Aldrich Center
One Walnut Street, Boston, MA

Early History

The building at One Walnut Street is the product of Charles Bulfinch, a leading architect of his time. His achievements include the Massachusetts State House here on Beacon Hill and later the U.S. Capitol in Washington, D.C. One of Mr. Bulfinch’s most noted achievements is the design of many outstanding homes on Beacon Hill establishing a style of quaint elegance that persists today. One Walnut Street was built in 1804 at the corner of Beacon Street and what would later become Walnut Street with its original entrance and five window configuration facing Beacon Street. Initially, its address was number 38 Beacon Street. According to the original development plans, Walnut Street was laid out as a way in 1799 but did not become an accepted street until several years later. Built in the “square style” for which Bulfinch was noted, it was most probably the first brick house on Beacon Street.

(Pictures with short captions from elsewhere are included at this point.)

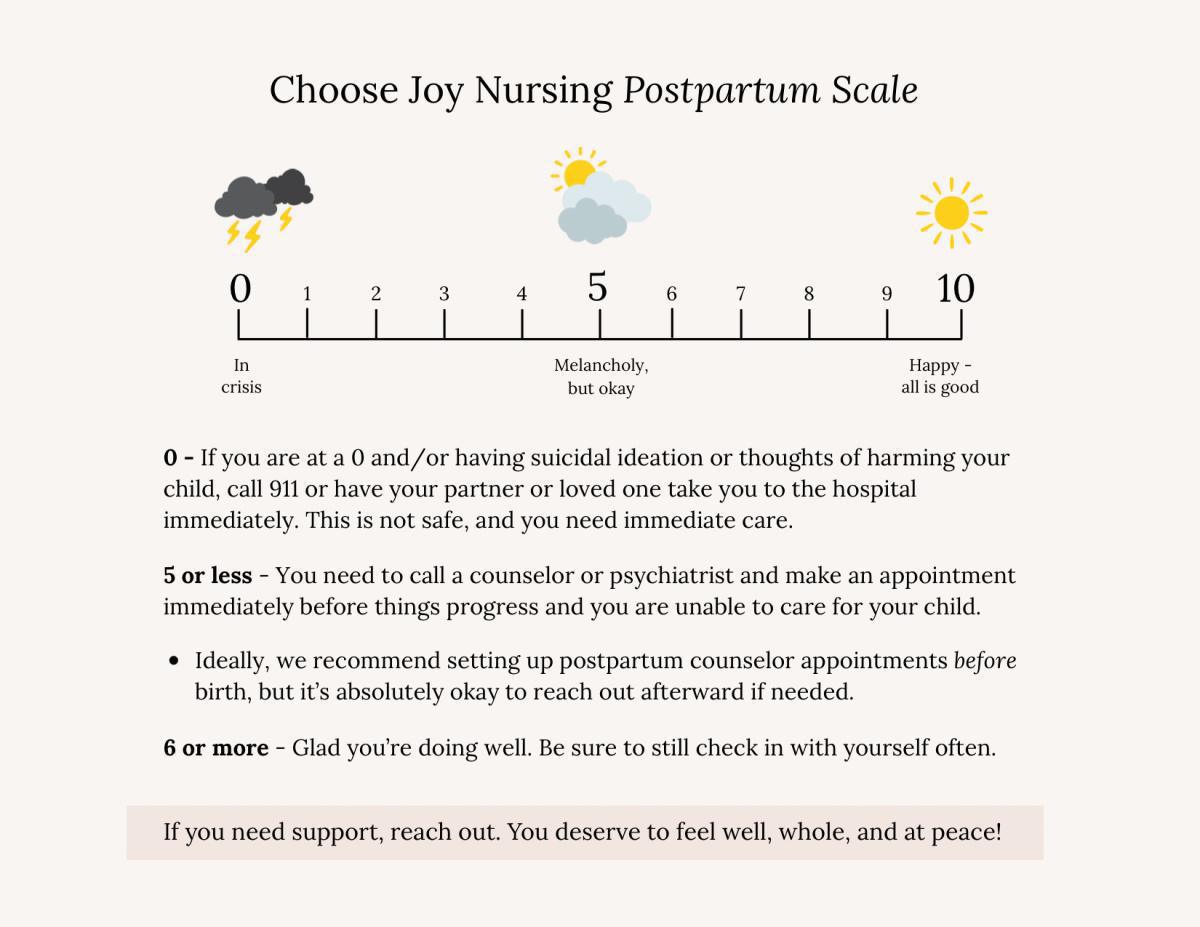 Postpartum Scale Postpartum Scale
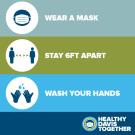 Safe practices, wear masks, start 6' apart, wash hands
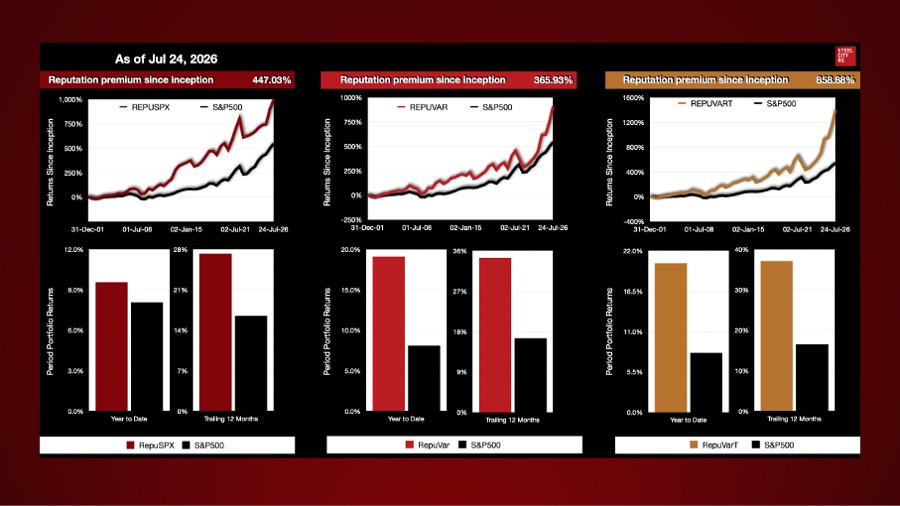The trailing twelve month spreads over the S&P500 of the three reputation-linked indices comprising RepuStars Variety Corporate Reputation Composite Equity Index family range from 10.76 to 20.61%.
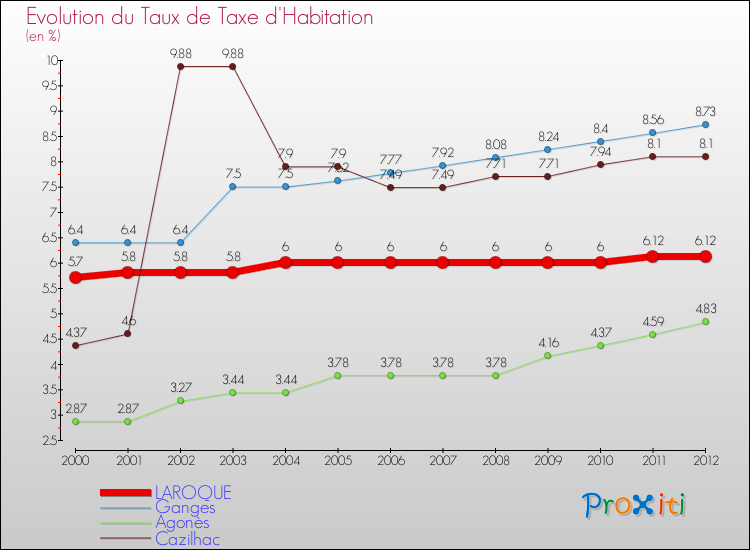 Evolution du taux de la taxe d'habitation pour LAROQUE et les communes proches Comparaison des taux de la taxe d'habitation pour LAROQUE et les communes voisines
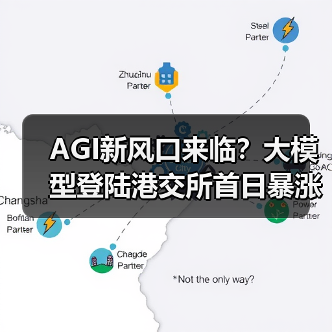 AGI新风口来临？大模型登陆港交所首日暴涨11%背后的产业变革(图3)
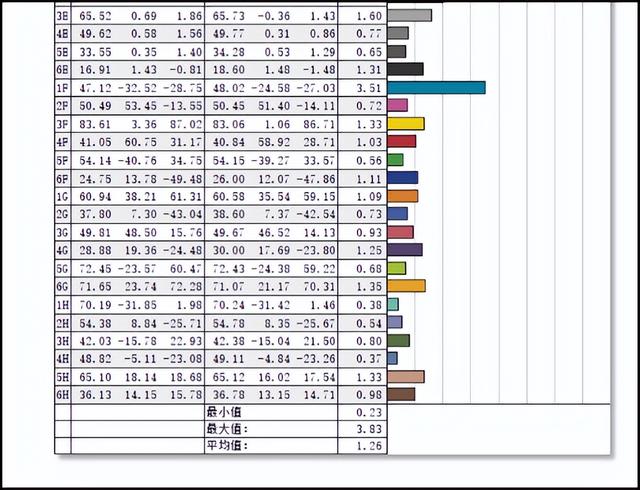 这才是天花板级的全场景商用办公一体机利器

The builder and first resident of the house, John Phillips (1770-1823), was one of Boston’s most prominent citizens. From 1804 until his death, he was a member of the Massachusetts State Senate, serving as presiding officer for the last ten years. When Boston became a city, Phillips was elected the first mayor in 1822. He served for one year and declined re-election for reasons of health. Born in the house was his son Wendell Phillips, the famous orator for anti-slavery and other causes. Of particular interest, the land deed from the developer, Jonathan Mason, to John Phillips contains the restriction that no building in the development could be over three stories in height, exclusive of cellar and roof, for a period of thirty years. During the Phillips ownership of nineteen years, there is no record of significant changes having been made to the house.

Two years after John Phillips death in 1823, his heirs sold the house to Thomas Lindall Winthrop, who was another prominent Bostonian. He served in the State Senate and was Lieutenant Governor of Massachusetts from 1826 to 1832. He was highly esteemed especially for his work on behalf of public schools. He served as president of both the Massachusetts Historical Society and the American Antiquarian Society. To accommodate his large family, Winthrop moved the entrance to the Walnut Street side and altered the Beacon Street façade to the four window configuration seen today. It appears that he raised the upper story and made the third-story windows higher, thus enlarging the living space while remaining within the three- story restriction. The ells were added in Winthrop’s time and changes were made to the staircase and the interior. Since Bulfinch was still living at this time, it is possible that he might have had a hand in the alterations. One Walnut Street is also known as the Phillips-Winthrop House in memory of its first two owners.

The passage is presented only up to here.